━━━ Working data ━━━

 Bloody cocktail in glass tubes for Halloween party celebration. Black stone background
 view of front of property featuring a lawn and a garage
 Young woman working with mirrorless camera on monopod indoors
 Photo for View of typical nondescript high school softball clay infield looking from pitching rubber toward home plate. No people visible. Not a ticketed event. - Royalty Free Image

━━━
━━━ Working data ━━━

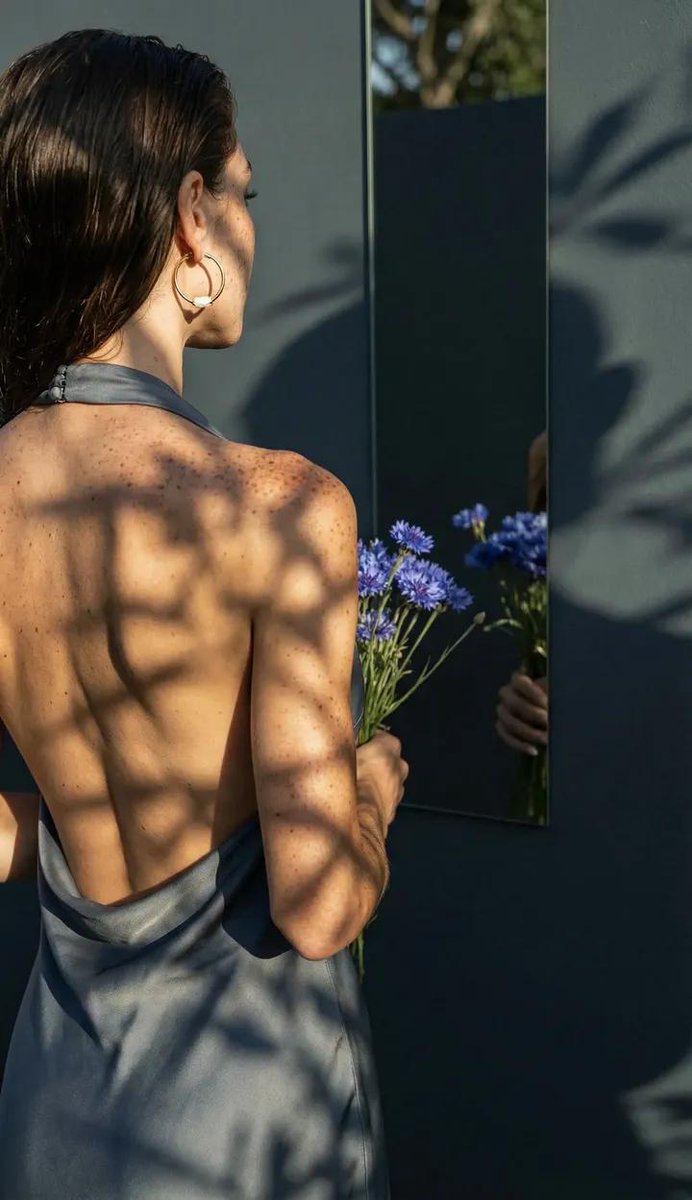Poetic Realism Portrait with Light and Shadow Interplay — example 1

━━━
━━━ Working data ━━━

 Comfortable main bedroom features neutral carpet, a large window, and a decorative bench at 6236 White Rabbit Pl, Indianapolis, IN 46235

━━━

Exercise instructions:
The range runs from the line with "Bloody cocktail in" up to and including the line with "Photo for View" in the listing above; please write out exactly those lines and nothing more.

Answer to this exercise:
 Bloody cocktail in glass tubes for Halloween party celebration. Black stone background
 view of front of property featuring a lawn and a garage
 Young woman working with mirrorless camera on monopod indoors
 Photo for View of typical nondescript high school softball clay infield looking from pitching rubber toward home plate. No people visible. Not a ticketed event. - Royalty Free Image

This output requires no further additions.